BONSAIS EMPANADOS CON UNA SALSA QUE PARECE MIEL PERO QUE NO LO ES

En estos procelosos tiempos que dicen de fraternidad, paz y amor, hemos derivado curiosamente a la identificación de lo anterior en consumismo, borracheras, accidentes y atracones (aunque no necesariamente por este orden). Y en derroche sin límite.

Y como no me apetece, a lo Vainica Doble y el mítico “Con las manos en la masa”, hablar de pato chino ni alharacas similares, sino de un canto a la sencillez, con un ligero adorno difícilmente superable, propongo algo que no es ni primero, ni entremés ni postre: Bonsáis empanados con salsa peculiar. Ea. Que ya tendremos tiempo de preparar otras cosas cuando nos apetezca y no cuando nos obliguen y además así no le damos un sablazo a nuestras carteras.

En primer lugar debemos agenciarnos unos brécoles y unas coliflores, limpiarlos con mimo y cortarlos en ramitas grandes que nos recuerden a esos bonsáis tan bonitos que vemos en cualquier película japonesa que se precie o en cualquier salón de progre de los 90. Una vez realizado el proceso, nos toca la parte más difícil si es que cabe la expresión en esta receta. Para ablandarlos tenemos varias opciones, golpearlos como a los pulpos, pero nos quedará algo poco aprovechable; cocerlos en agua, al vapor o como a mí me gusta: se envuelve en papel film de cocina y, procurando que no tenga aristas (se ennegrecería), se introduce con poco disimulado entusiasmo en el microondas. Se hacen en su jugo, sin quedar  húmedos y con todas sus propiedades intactas, con un sabor especialmente intenso. Rápido y curioso.

Una vez las tengamos, las dejamos que se enfríen y hacemos una de las pocas cosas que en cocina es en orden alfabético: los empanamos. Y es en orden alfabético porque es, por orden, harina, huevo y pan rallado. Lógicamente si escribiéramos huevo sin hache o con g se nos iría la preparación al garete, con lo que no dejamos de observar una vez más la importancia de una formación cultural básica.

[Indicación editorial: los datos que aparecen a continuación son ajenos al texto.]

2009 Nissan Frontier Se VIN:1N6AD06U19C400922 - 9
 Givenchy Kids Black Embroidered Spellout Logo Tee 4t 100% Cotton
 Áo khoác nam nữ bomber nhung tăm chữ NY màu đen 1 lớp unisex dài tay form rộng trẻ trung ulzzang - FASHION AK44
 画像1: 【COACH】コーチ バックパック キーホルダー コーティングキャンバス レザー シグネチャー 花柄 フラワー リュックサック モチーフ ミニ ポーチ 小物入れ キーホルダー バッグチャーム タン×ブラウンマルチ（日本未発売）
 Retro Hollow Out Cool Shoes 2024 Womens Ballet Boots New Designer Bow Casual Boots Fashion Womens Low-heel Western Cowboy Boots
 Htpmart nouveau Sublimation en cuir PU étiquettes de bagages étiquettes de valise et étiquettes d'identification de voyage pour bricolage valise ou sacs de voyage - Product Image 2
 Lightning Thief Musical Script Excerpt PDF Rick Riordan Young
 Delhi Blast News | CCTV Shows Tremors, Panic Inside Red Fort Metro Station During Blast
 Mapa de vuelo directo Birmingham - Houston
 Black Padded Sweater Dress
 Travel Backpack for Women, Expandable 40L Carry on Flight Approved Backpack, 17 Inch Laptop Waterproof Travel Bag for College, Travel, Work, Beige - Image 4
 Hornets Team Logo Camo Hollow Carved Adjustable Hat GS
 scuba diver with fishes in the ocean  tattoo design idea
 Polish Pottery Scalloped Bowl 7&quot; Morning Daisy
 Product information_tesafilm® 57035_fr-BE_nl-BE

En la harina o en el huevo echaremos la sal y ajo ralladito, así se reparten mejor. Y podemos dejar la parte del tallo sin enharinar del todo para hacerlos más identificables (recordemos que no tienen DNI ni nada parecido). Para freírlos, simple: aceite fuerte ya que la verdura ya está casi terminada en el micro y lo que queremos es que el empanado quede crujiente y cariñoso. Los sacamos y depositamos en una servilleta para quitarles el aceite sobrante pero recordando que no conviene comerlos fríos ni insultarlos en exceso.

Para la salsa, sencillez: una medida de vinagre de manzana y otra de azúcar. Y cuando digo medida es lo mismo de cada cosa, siendo indiferente que cojamos un vaso pequeño que una bombona de butano, depende de cuántos seamos. Se pone a fuego fuerte hasta que reduzca a la mitad. Luego se incorpora algo menos de la mitad de la cantidad de vinagre o de azúcar pero de salsa de soja. Se mete en la nevera y se deja reposar como mínimo un par de horas (como media siesta de una persona decente, vamos). Nos queda una salsa con textura de miel, agridulce, con sabor. Bella en sus matices. La echaremos en hilitos, en pegotones o mojaremos la verdurita en ella, cual nos plazca.

Y por favor, si conducimos, el alcohol sólo para las heridas.